Salary Negotiations: Asking for a Raise
Among the most nerve-wracking conversations most people have at work are conversations that revolve around salary. When it comes time for your annual review, do your palms start sweating just thinking about having to ask for a raise? Have you been underpaid for years and are just not working up the nerve to talk to your boss about a pay increase? Regardless of the scenario, here are some tips that will help you keep the conversation on track and give you the best shot at a getting that coveted raise.

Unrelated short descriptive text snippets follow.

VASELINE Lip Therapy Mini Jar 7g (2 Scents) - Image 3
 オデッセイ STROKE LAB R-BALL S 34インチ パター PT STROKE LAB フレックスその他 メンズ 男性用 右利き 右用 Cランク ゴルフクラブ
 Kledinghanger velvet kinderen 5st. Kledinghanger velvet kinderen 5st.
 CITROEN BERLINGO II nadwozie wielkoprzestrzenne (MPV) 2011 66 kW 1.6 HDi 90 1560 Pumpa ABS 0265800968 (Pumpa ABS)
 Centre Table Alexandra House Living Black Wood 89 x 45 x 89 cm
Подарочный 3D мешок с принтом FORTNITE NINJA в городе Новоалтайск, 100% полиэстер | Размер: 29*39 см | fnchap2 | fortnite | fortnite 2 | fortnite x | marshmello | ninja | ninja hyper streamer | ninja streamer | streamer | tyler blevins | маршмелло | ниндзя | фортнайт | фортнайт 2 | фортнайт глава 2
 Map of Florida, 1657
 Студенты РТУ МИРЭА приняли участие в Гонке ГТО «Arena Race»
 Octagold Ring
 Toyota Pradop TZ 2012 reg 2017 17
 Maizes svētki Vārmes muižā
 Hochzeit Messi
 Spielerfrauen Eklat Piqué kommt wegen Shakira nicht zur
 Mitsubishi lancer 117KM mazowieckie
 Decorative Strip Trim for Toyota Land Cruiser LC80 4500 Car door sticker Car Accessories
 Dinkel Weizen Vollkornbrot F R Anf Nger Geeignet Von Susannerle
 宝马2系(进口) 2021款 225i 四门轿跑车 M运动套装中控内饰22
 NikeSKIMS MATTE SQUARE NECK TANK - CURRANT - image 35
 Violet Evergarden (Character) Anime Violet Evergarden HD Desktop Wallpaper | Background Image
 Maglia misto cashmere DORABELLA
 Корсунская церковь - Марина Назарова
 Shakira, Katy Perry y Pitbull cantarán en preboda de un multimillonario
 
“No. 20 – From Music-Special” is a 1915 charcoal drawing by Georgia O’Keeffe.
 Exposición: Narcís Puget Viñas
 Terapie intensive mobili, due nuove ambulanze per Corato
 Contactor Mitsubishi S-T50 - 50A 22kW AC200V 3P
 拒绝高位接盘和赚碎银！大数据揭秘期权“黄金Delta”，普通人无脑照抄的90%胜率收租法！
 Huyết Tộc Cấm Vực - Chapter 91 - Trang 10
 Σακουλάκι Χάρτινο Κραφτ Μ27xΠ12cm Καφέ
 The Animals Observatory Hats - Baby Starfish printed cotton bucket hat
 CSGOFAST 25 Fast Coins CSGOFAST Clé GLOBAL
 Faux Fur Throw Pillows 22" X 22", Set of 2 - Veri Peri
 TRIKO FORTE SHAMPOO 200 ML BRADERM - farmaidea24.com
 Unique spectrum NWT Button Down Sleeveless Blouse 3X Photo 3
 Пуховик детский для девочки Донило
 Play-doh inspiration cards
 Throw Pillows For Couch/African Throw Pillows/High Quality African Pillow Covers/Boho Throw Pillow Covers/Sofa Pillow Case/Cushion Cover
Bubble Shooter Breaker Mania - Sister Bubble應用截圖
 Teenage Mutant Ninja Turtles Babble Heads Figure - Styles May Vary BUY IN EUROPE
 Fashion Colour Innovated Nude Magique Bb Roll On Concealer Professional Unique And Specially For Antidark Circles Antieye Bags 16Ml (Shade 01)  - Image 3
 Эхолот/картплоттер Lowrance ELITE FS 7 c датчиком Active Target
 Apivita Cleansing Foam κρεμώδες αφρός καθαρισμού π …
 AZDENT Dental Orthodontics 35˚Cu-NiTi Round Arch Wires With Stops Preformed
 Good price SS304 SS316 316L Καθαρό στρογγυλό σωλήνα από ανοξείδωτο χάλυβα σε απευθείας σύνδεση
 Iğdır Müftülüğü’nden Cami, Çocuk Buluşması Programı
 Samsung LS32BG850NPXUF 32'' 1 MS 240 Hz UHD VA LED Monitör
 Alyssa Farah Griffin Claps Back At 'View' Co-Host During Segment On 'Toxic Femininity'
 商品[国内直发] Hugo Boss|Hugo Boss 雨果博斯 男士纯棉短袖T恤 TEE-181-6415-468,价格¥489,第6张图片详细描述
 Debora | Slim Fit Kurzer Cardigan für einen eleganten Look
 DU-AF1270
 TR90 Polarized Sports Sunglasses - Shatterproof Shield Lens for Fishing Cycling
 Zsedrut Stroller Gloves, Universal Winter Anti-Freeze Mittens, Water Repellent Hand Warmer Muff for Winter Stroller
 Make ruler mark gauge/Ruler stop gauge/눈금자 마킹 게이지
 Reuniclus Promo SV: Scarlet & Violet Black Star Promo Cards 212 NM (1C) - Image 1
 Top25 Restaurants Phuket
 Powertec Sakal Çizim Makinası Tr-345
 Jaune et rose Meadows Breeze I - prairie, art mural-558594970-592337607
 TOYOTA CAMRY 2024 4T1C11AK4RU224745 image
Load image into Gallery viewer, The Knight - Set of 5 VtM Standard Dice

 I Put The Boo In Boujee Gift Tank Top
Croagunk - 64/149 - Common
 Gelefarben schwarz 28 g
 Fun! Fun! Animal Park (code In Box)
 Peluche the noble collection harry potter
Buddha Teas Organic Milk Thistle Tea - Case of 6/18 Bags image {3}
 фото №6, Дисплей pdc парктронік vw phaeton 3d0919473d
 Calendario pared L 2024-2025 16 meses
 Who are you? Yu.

Don’t bring your coworkers’ salaries into the conversation. Never, ever compare your salary to a coworker’s during your salary negotiations. First, some companies have policies about discussing pay rates with coworkers so by mentioning Suzy’s salary you may be setting you both up for a meeting with HR. Second, even if your company doesn’t frown upon comparing pay rates, what Suzy earns isn’t relevant. You are there to defend your own education, experience and contributions. What someone else earns has nothing to do with your value.Do consider your boss’ argument. What will your boss say about your performance? What might his or her complaints be about how you do your job? You’ll be less flustered during your discussion if you can anticipate any criticism in advance. Also, just like when you negotiated your initial salary, when requesting a pay increase, it’s worth considering the other perks your company offers. Does your company cater lunch every day? Does it pay for your cell phone bill and gym membership? These extras add up to real money and your boss will likely mention these perks when deciding how much or whether to increase your pay. Thinking about what your boss’ counterargument might be will help you stay calm and focused during the discussion.